Structured Prediction of Sequences and Trees using Infinite Contexts
This addresses the challenge of capturing global dependencies in natural language processing tasks, offering an incremental improvement over existing Markov-based methods.
The paper tackles the problem of modeling global phenomena in linguistic structures by proposing a hierarchical model for structured prediction that uses infinite contexts, overcoming the limitations of Markov models. Empirical results show its potential on part-of-speech tagging and syntactic parsing compared to baseline finite-context models.

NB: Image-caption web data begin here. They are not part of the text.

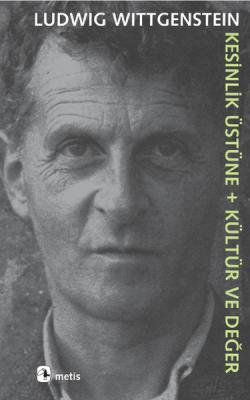 Kesinlik Üzerine + Kültür ve Değer Ludwig Wittgenstein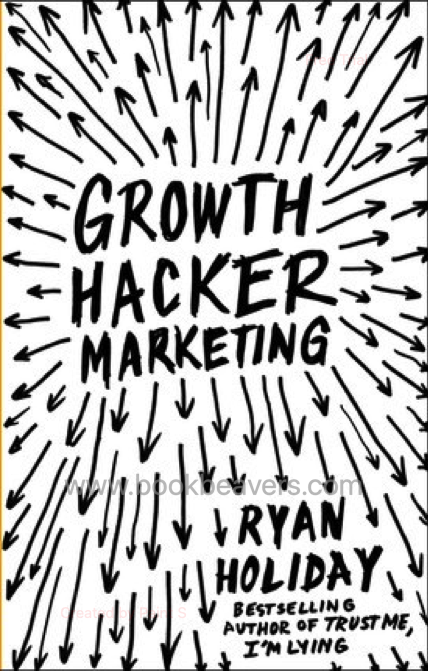 Growth Hacker Marketing by Ryan Holiday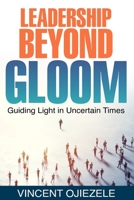 LEADERSHIP BEYONG GLOOM: Guiding Light in Uncertain Times B0CHL4DQM4 Book Cover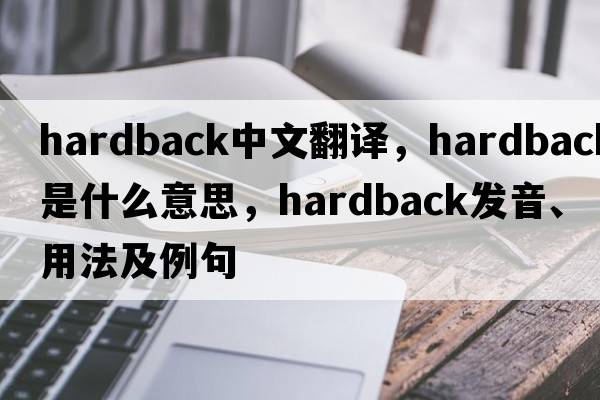 hardback中文翻譯，hardback是什么意思，hardback發(fā)音、用法及例句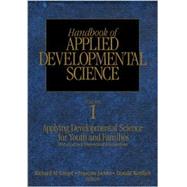 Handbook of Applied Developmental Science Set : Promoting Positive Child, Adolescent, and Family Development Through Research, Policies, and Programs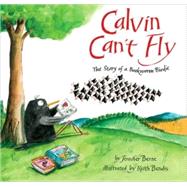 Calvin Can't Fly The Story of a Bookworm Birdie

Linguistic structures exhibit a rich array of global phenomena, however commonly used Markov models are unable to adequately describe these phenomena due to their strong locality assumptions. We propose a novel hierarchical model for structured prediction over sequences and trees which exploits global context by conditioning each generation decision on an unbounded context of prior decisions. This builds on the success of Markov models but without imposing a fixed bound in order to better represent global phenomena. To facilitate learning of this large and unbounded model, we use a hierarchical Pitman-Yor process prior which provides a recursive form of smoothing. We propose prediction algorithms based on A* and Markov Chain Monte Carlo sampling. Empirical results demonstrate the potential of our model compared to baseline finite-context Markov models on part-of-speech tagging and syntactic parsing.